As Eugene noted a while back here on the VC, he helped author (and I co-signed) an amicus brief in the case of Schwarzenegger v. Entertainment Merchants Ass’n, to be heard by the Supreme Court this Term (oral argument set for Nov. 2), urging the Court to affirm the Ninth Circuit’s holding that the California statute (prohibiting the sale of “violent video game[s]” that “appeal to the deviant or morbid interest of a minor”) is unconstitutional under the First Amendment. Modesty may have prevented Eugene from more vigorously extolling the quality of the brief, but since I had little to do with authorship, I can do so. It’s a very well-constructed argument, and worth reading if you’re interested in the First Amendment and the current state of the doctrine.
The doctrinal problem, for opponents of the law (like us), is that the Court some time ago, in Ginsberg v.
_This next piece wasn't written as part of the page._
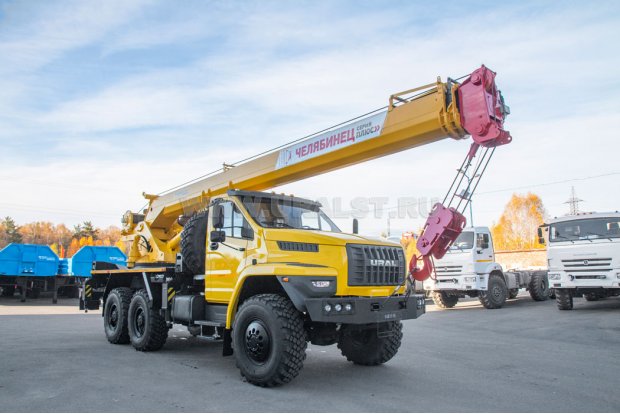 Автокран Челябинец КС 45734 на базе шасси Урал NEXT 5557-74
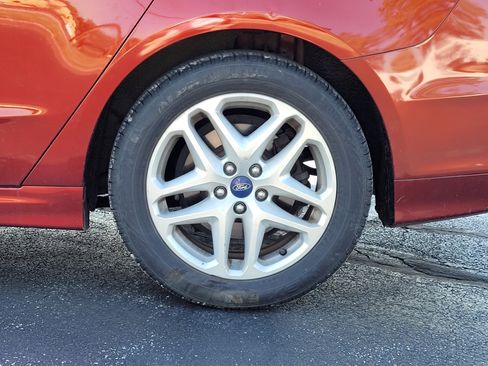 Used 2014 Ford Fusion SE FWD image 10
New York, upheld a NY statute banning sale of “depictions of nudity, sexual conduct, and sadomasochistic abuse” that “appeals to the prurient interest of minors,” in a manner “patently offensive to the prevailing standards in the adult community,”; the State, therefore, has a very plausible argument, which it is advancing, that this statute, which simply applies the Ginsberg formula to violent video games, is constitutional.
The solution, which is very nicely carried off, is to emphasize that while one can perhaps speak credibly about the existence of a rough social consensus about what constitutes an offensive depiction of sexual conduct — at least, within communities, and at the core, if not always at the margins, — there’s no corresponding consensus about “violent video games”; these are, after all, cartoon characters we’re talking about, and when they blow each others’ heads off and perform other unspeakable acts on screen, there are many, many people who regard that as just part of a game without the slightest reference to anything in the real world. (Although the brief doesn’t quite come out and say this, it makes a passing reference to the piquancy of having Mr. Schwarzenegger on the opposite side on this issue; there may well be people out there who feel that the events depicted in some of the Governor’s films — the Terminator series, for instance — are unspeakably cruel and vicious, as indeed they would appear if we believed, for even a split second, that they were depicting actual events (as opposed to computer-generated play events); but there is, and probably can never be, a real community consensus on the matter. It’s a different sort of line-drawing exercise than one faces in the context of sexually-suggestive material, because it is not a line that shifts in small increments — either you think it’s “just a game” (and therefore can tolerate depictions of pretty much anything) or you don’t (in which case the chopping off of heads and disembowelings are all far over the line).
It’s a good argument to deal with an unfortunate precedent. A lot of us can make the argument that Ginsberg was wrongly decided – but it’s much harder to take it as governing law (as one must, in a real case as opposed to the classroom) and argue out from under it, but this is a nice example of the genre.